HMRC’s Power Grab - a return to preferential creditor status at the expense of SMEs

Prior to 2002 HMRC enjoyed preferential creditor status in insolvencies and was repaid certain debts ahead of other unsecured creditors. Under the Enterprise Act 2002, HMRC lost this preferred status, in return for unsecured creditors getting the ‘prescribed part’ from floating charge realisations (i.e. a separate pot for distribution to the unsecured creditors).

What’s the deal now?

From 6 April 2020 HMRC will return to having preferential creditor status, and will rank ahead of both floating charge holders and other unsecured creditors in insolvency. While HMRC’s preferred status will be limited to certain tax liabilities, they are fairly wide ranging and the exclusions are limited.
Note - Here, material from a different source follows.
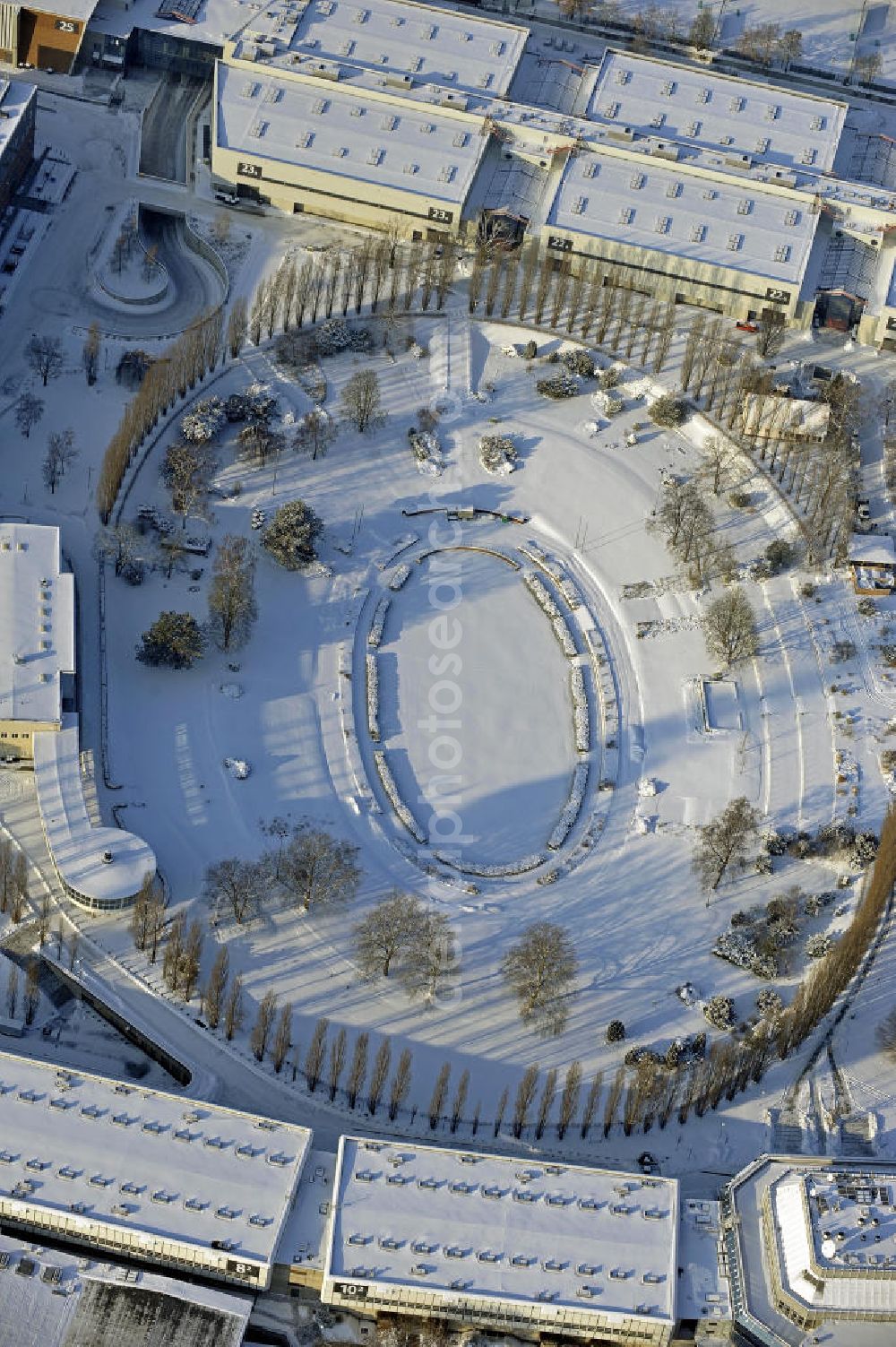 Aerial photograph Berlin - Der winterlich mit Schnee bedeckte Sommergarten auf dem Gelände des Messe Berlin. Das 10.000 Quadratmeter große Areal wird als Präsentations- und Eventfläche genutzt. The wintry with snow-covered summer garden on the fairgrounds in Berlin-Charlottenburg.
In fact HMRC’s preferential status goes further than it did prior to 2002 – it’s not subject to the time limits that applied pre-2002. In essence HMRC will be returned to having preferential status, and the floating charge holders will still lose out on the prescribed part (even though HMRC has moved the goal posts).

Why does it matter?

This may have a significant impact on returns to floating charge holders and unsecured creditors in insolvencies; and the concern is that it will become increasingly unlikely that ordinary unsecured creditors will see any recoveries in insolvencies.

"It also means that, given that HMRCs preferential right to claim is no longer time-limited, they may be looking to open and carry out historic enquiries into insolvent businesses to maximise their preferential return – and the possibility of returns for unsecured creditors may diminish even further."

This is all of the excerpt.